3

I'm wondering if there is a good way to match a Gaussian normal to a histogram in the form of a numpy array np.histogram(array, bins).

How can such a curve been plotted on the same graph and adjusted in height and width to the histogram?

JohanC
  • 71,591
  • 8
  • 33
  • 66
Sam Sloan
  • 69
  • 5
  • 5
    I don't think any "fitting" is needed: the normal distribution [is defined by the mean and th standard deviation of your data](https://en.wikipedia.org/wiki/Normal_distribution), so you just plug those unto the formula for the PDF and plot it. – ForceBru Mar 22 '20 at 16:22
  • 1
    See also [this](https://stackoverflow.com/questions/59738337/how-to-draw-a-matching-bell-curve-over-a-histogram/59742545#59742545) and [this post](https://stackoverflow.com/questions/60091790/how-to-plot-the-density-of-states-using-histogram-with-a-curve-that-follows-the/60100773#60100773) about fitting a gaussian normal and a kde to a histogram – JohanC Mar 22 '20 at 20:33
  • @ForceBru Well, simply plotting the curve will not match it to the histogram.
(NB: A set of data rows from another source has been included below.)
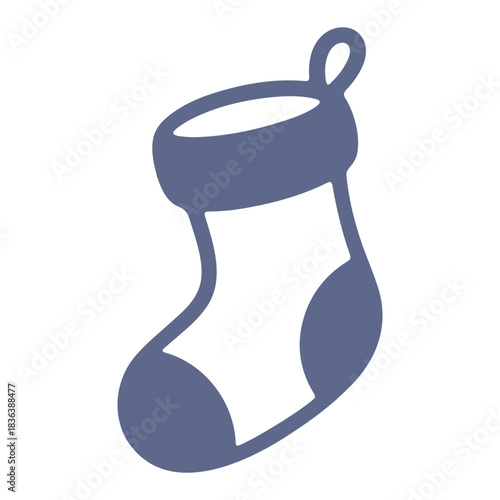 Illustration of a christmas stocking with a loop for hanging in a simple and minimalist style design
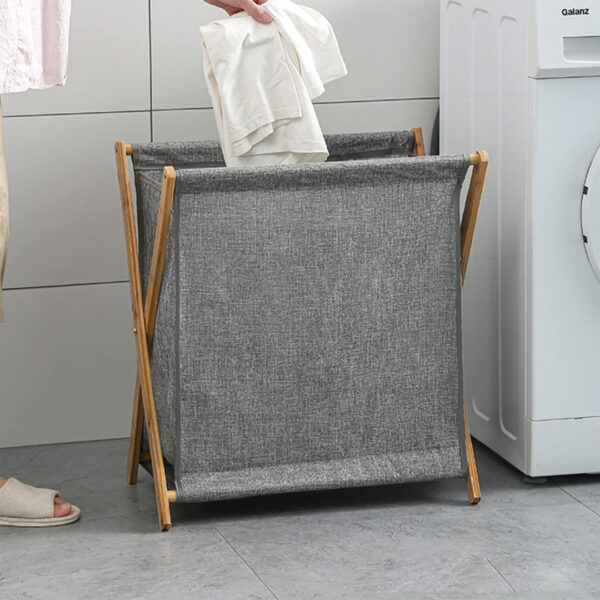 Foldable Bamboo Laundry Basket - Grey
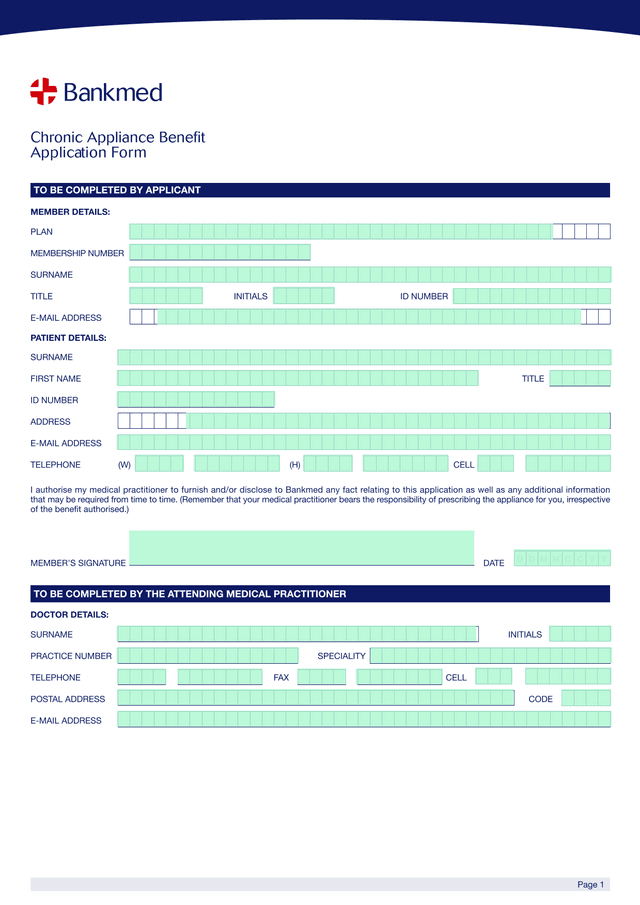 Chronic Appliance Benefit Application Form screenshot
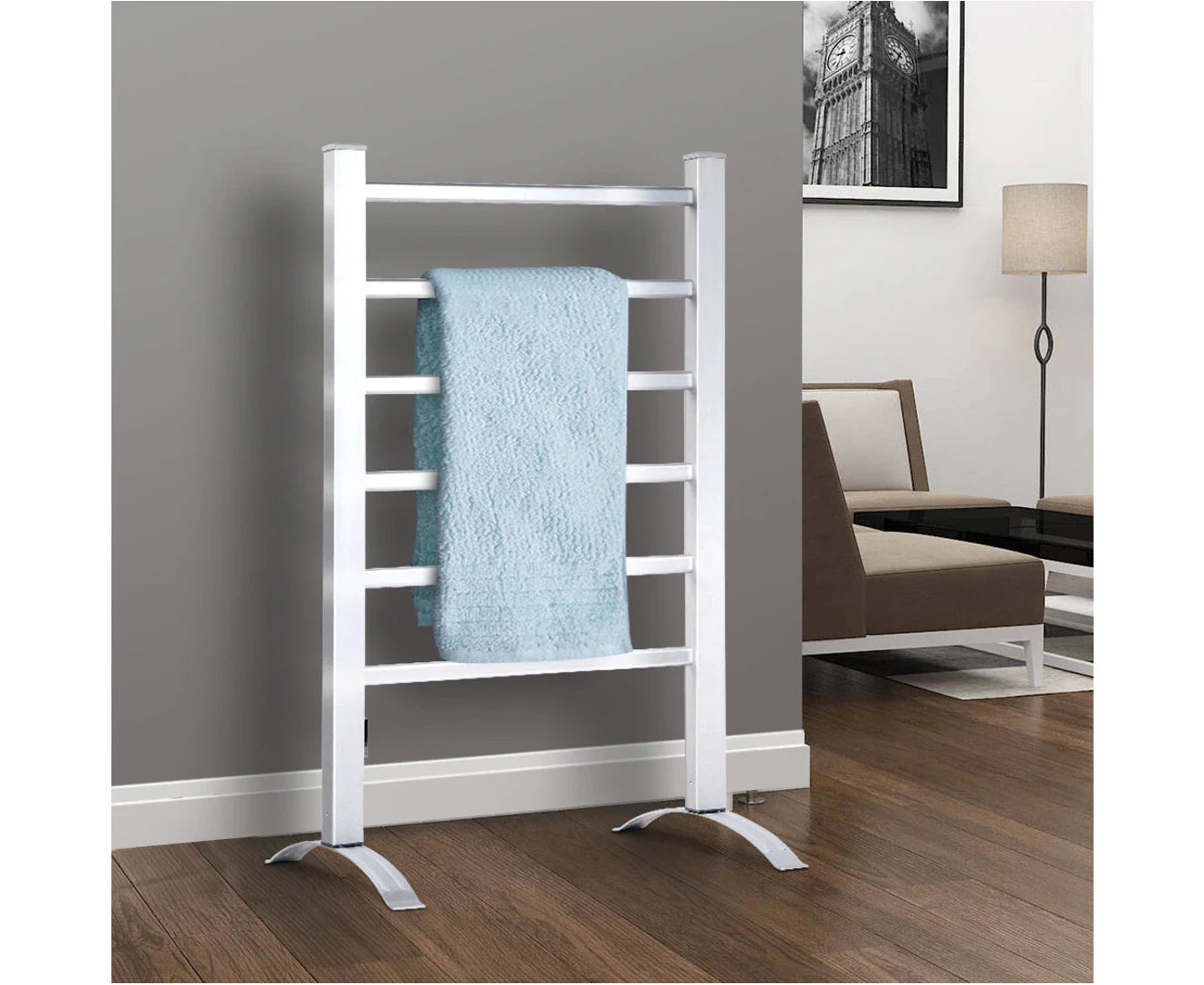 Electric Heated Towel Rail Rack 6 Bars Freestanding Clothes Dry Warmer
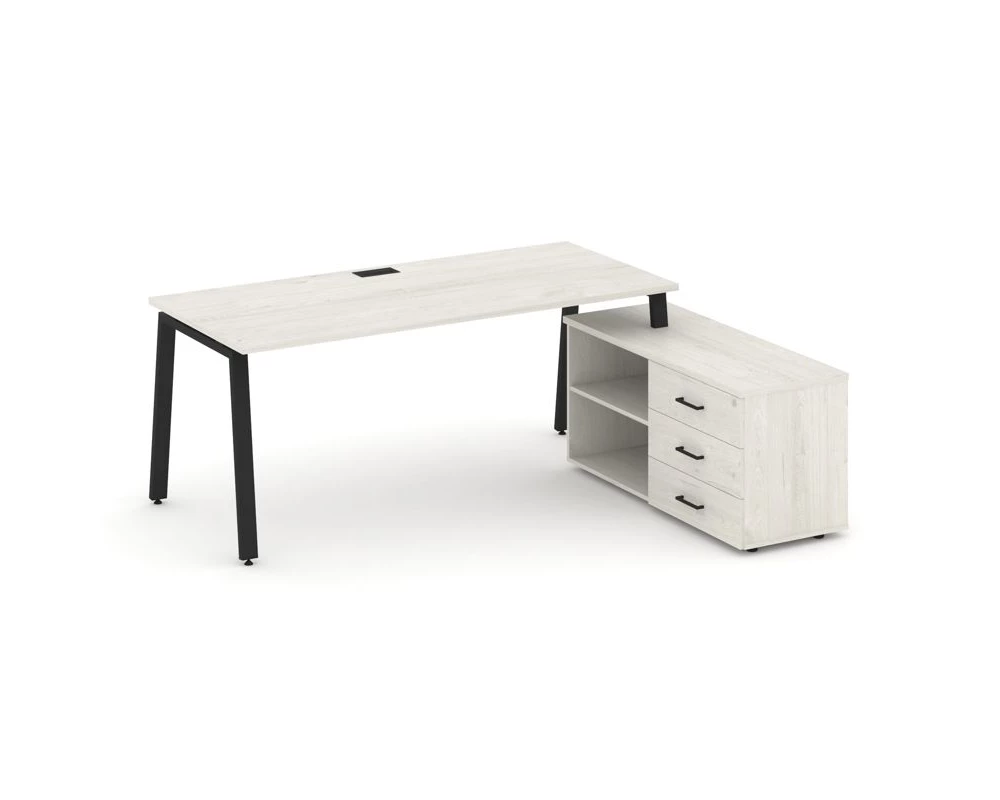 Стол письменный с греденцией правой на А-образном каркасе 2180x1480x750 Style Project Direct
Some rescaling is needed. If the bins don't have an equal width, it even wouldn't be possible to match them. – JohanC Mar 22 '20 at 21:02
  • Also have a look at Seaborn's [`sns.distplot(array, kde_kws={'shade': True, 'color':'r'})`](https://seaborn.pydata.org/generated/seaborn.distplot.html). This scales down the histogram to fit the kde. – JohanC Mar 22 '20 at 21:18

1 Answers1

2

You can fit your histogram using a Gaussian (i.e. normal) distribution, for example using scipy's curve_fit. I have written a small example below. Note that depending on your data, you may need to find a way to make good guesses for the starting values for the fit (p0). Poor starting values may cause your fit to fail.

import numpy as np
from scipy.optimize import curve_fit
import matplotlib.pyplot as plt
from scipy.stats import norm

def fit_func(x,a,mu,sigma,c):
    """gaussian function used for the fit"""
    return a * norm.pdf(x,loc=mu,scale=sigma) + c

#make up some normally distributed data and do a histogram
y = 2 * np.random.normal(loc=1,scale=2,size=1000) + 2
no_bins = 20
hist,left = np.histogram(y,bins=no_bins)
centers = left[:-1] + (left[1] - left[0])

#fit the histogram
p0 = [2,0,2,2] #starting values for the fit
p1,_ = curve_fit(fit_func,centers,hist,p0,maxfev=10000)

#plot the histogram and fit together
fig,ax = plt.subplots()
ax.hist(y,bins=no_bins)
x = np.linspace(left[0],left[-1],1000)
y_fit = fit_func(x, *p1)
ax.plot(x,y_fit,'r-')
plt.show()

Histogram with Gaussian fit

Andrew
  • 5,375
  • 3
  • 17
  • 12